What to do ▸ Without its pictures, the listing below is to be transcribed exactly.

Source material ▸
□ □ □ □ □
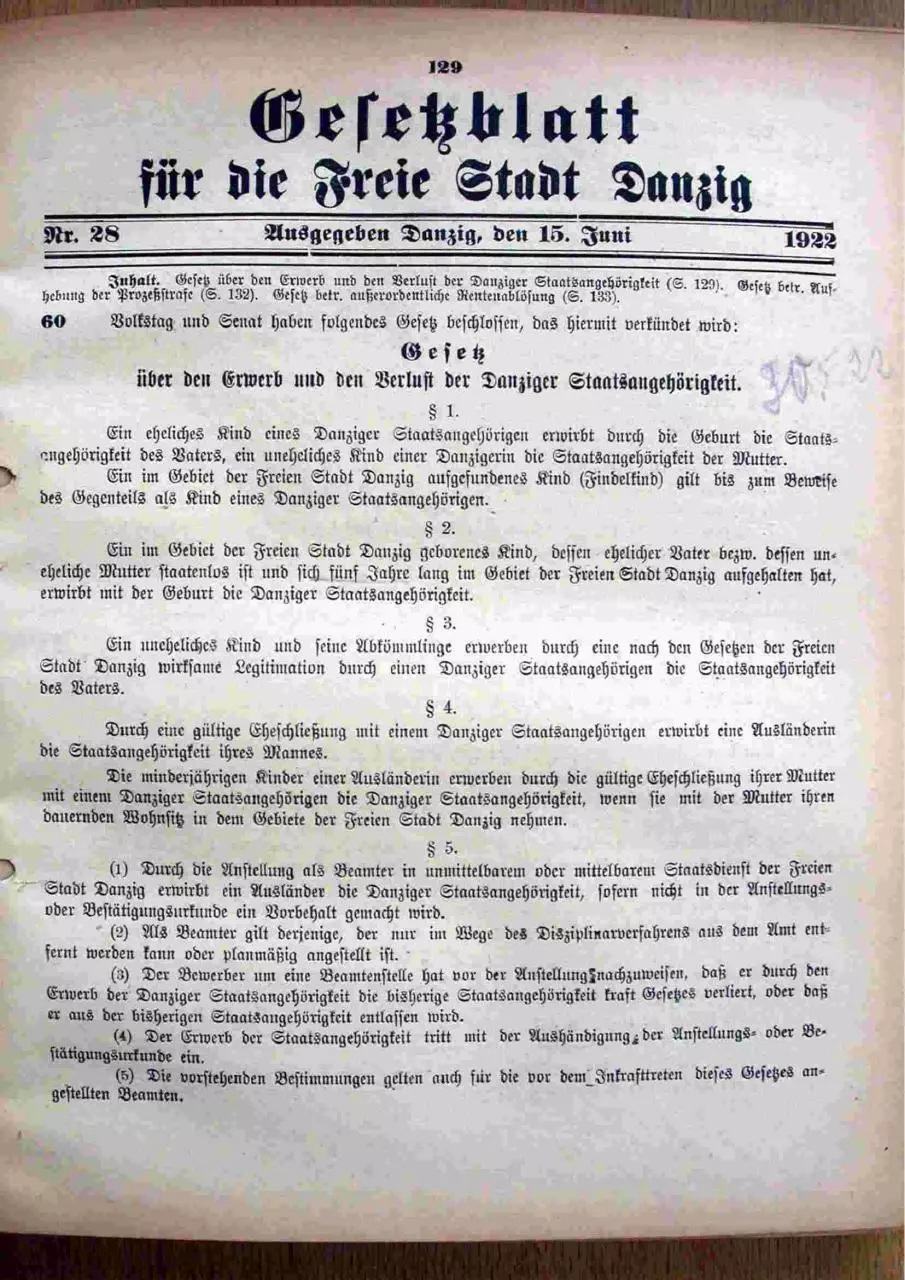 Page 1 of 6, da gbl 19220530 ge staatsangehoerigkeit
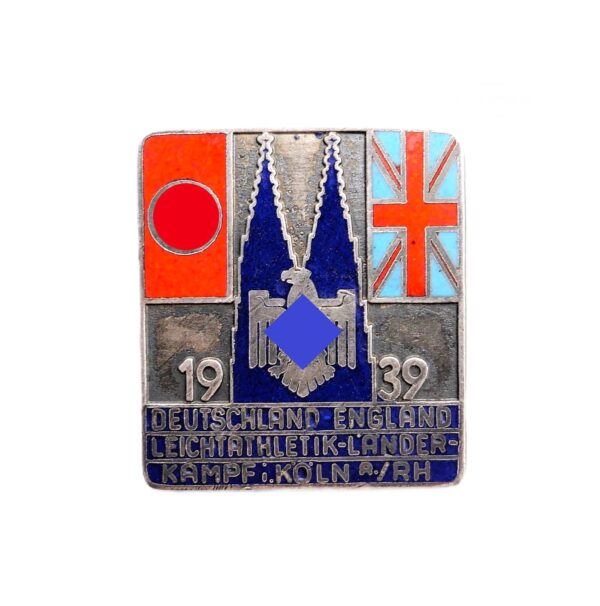 Abzeichen – Teilnehmerabzeichen – Deutschland-England – Leichtathletik Länderkampf – Köln am Rhein 1939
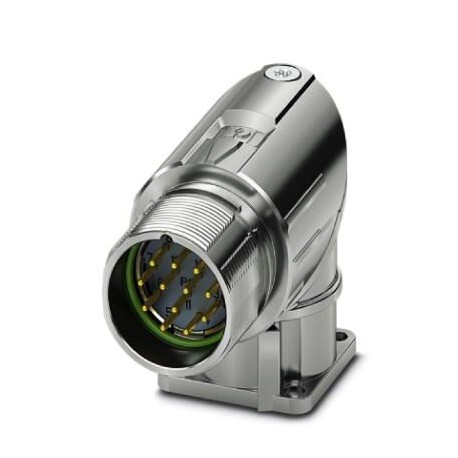 M23-12P1N8AA500S 1628498 PHOENIX CONTACT Device connector for front wall, M23 PRO, angled rotatable, for sta..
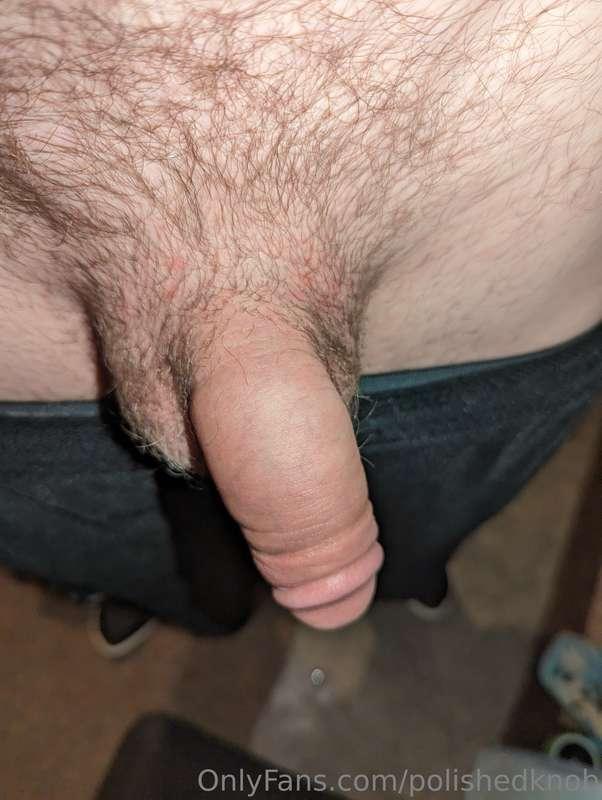 Cock is so swollen from letting my fuck machine go full leng..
□ □ □ □ □
Exercise answer ▸
 Page 1 of 6, da gbl 19220530 ge staatsangehoerigkeit
 Abzeichen – Teilnehmerabzeichen – Deutschland-England – Leichtathletik Länderkampf – Köln am Rhein 1939
 M23-12P1N8AA500S 1628498 PHOENIX CONTACT Device connector for front wall, M23 PRO, angled rotatable, for sta..
 Cock is so swollen from letting my fuck machine go full leng..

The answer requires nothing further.